Bernardo believes he will be suited by the flexibility of new Albion boss Graham Potter.

The Brazilian finds himself in new territory - playing for a club when the man in charge has changed.

That has never happened before in the career of Bernardo, who shared left-back duties with Gaetan Bong in his debut season with the Seagulls after signing last summer from Red Bull Leipzig when Chris Hughton was manager.

"No, this is the first time," Bernardo told The Argus. "Since it happened at the end of the season I think the change is more smooth.

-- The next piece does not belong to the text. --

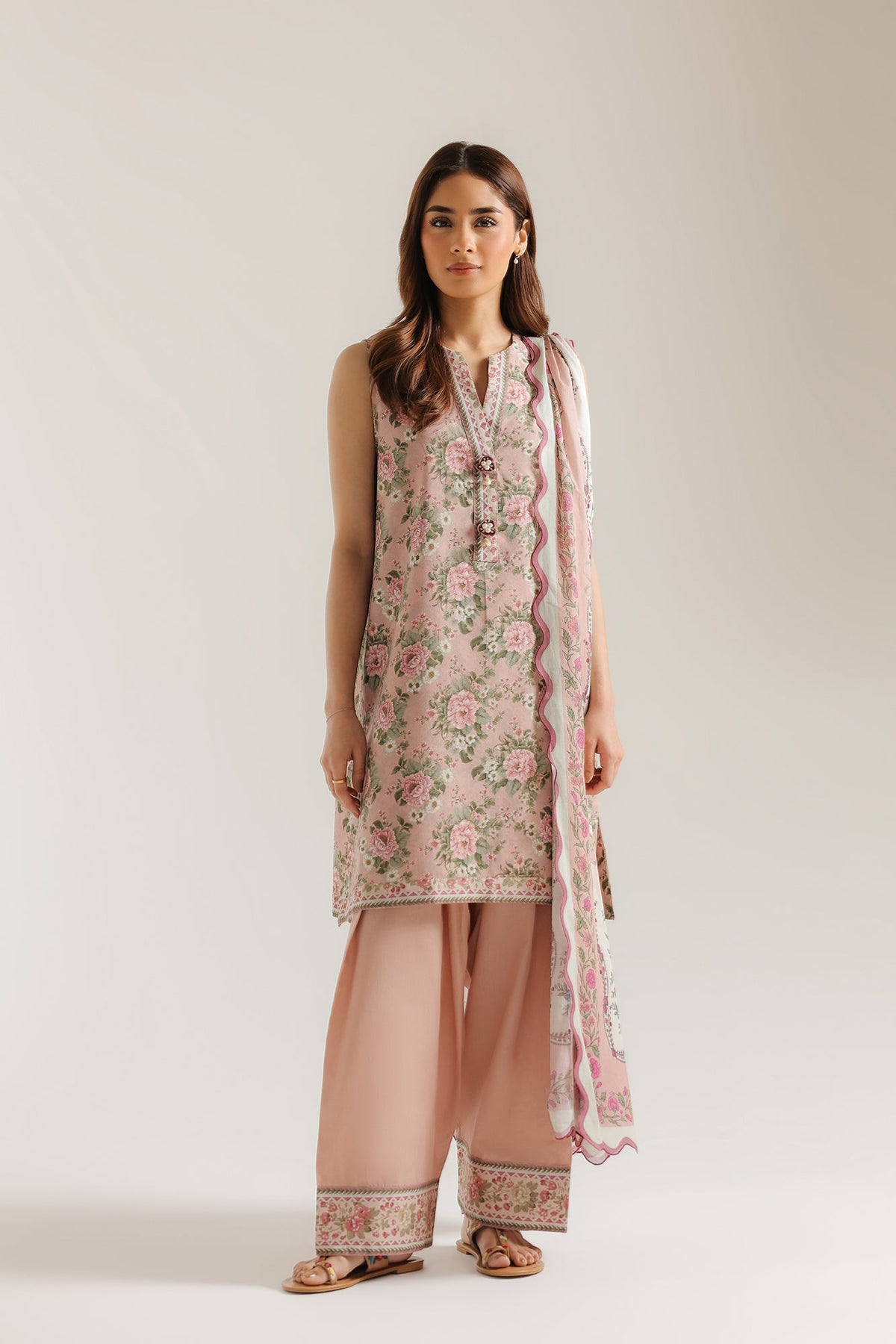 PRINTED SUIT (E0893/202/530)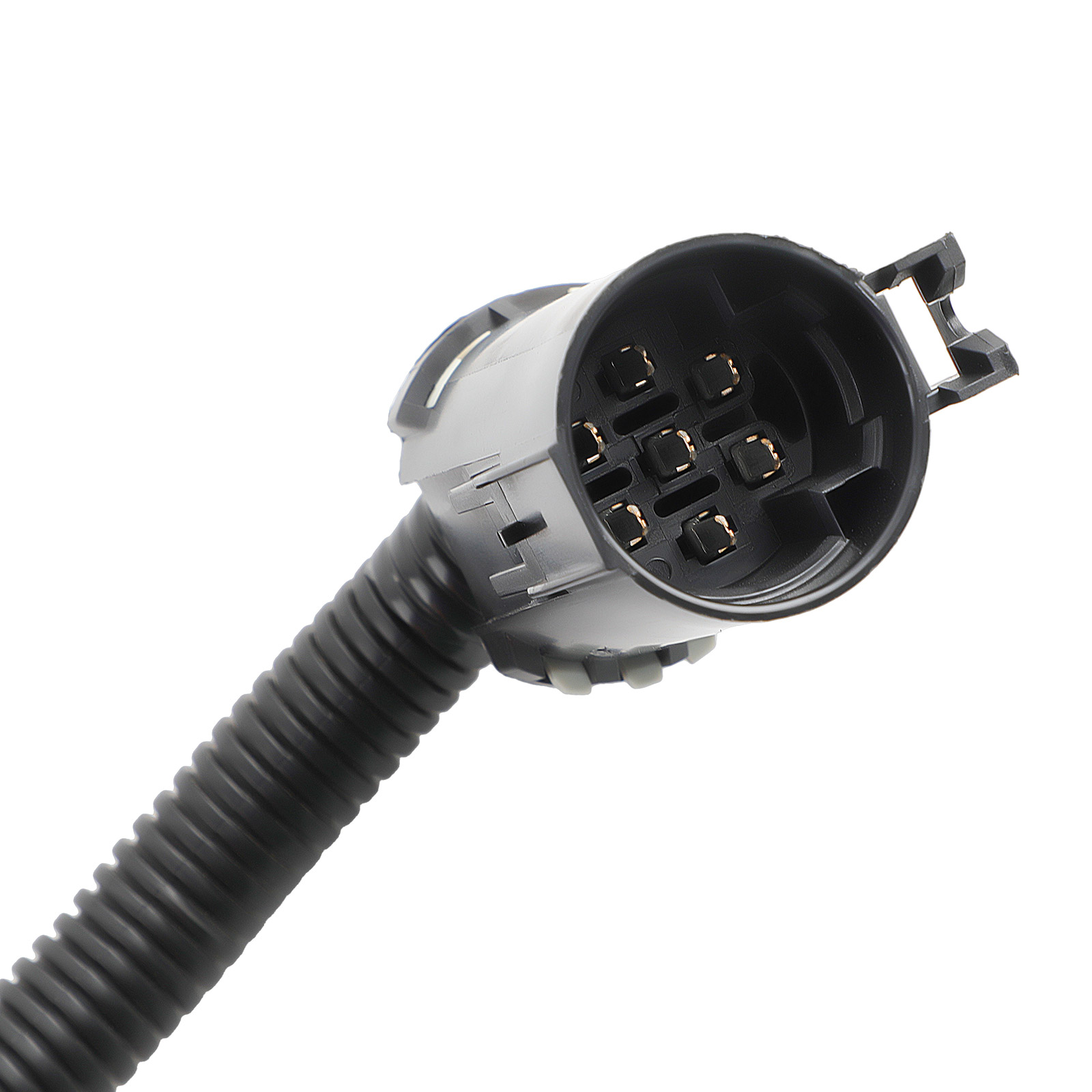 Air Suspension Compressor Pump For Chevrolet Avalanche Cadillac Escalade GMC Yukon XL 2002-2016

Now we are starting the season, so we need to get a fit and we also have a lot of time to prepare ourselves and adapt ourselves to a new mentality.

"If it had been in the middle of the season then I think it would be a big shock.

"But it's the first time it's happened to me, a change of manager while I'm at a club. This is different but we need to get used to it.

"We have just a few more weeks to prepare ourselves and we need to be open-minded, to understand a new idea of playing football and try to translate that on the pitch.

"But I'm quite excited, quite positive. I think it's a really nice style of playing football.

"Now we are at a moment where we are just trying to understand the possibilities that we have.

"We are having a lot of experiments, like changes of formations, trying certain players in positions, maybe playing with three at the back, sometimes four, sometimes five in midfield, sometimes four.

"So I like it a lot because my whole career I've played in different positions. In Salzburg I was playing as a midfielder, at Leipzig right-back, here left-back, but in the youth team I was a central defender.

"I like to play in different positions. I think it gives more value for myself, when you are always changing systems during the match. I think it brings more value for me as a player when the trainer actually uses you in many different positions.

"So for me it's been nice. I also like to risk a bit more. I think that's how we might be, a bit more offensive. Let's see how things go."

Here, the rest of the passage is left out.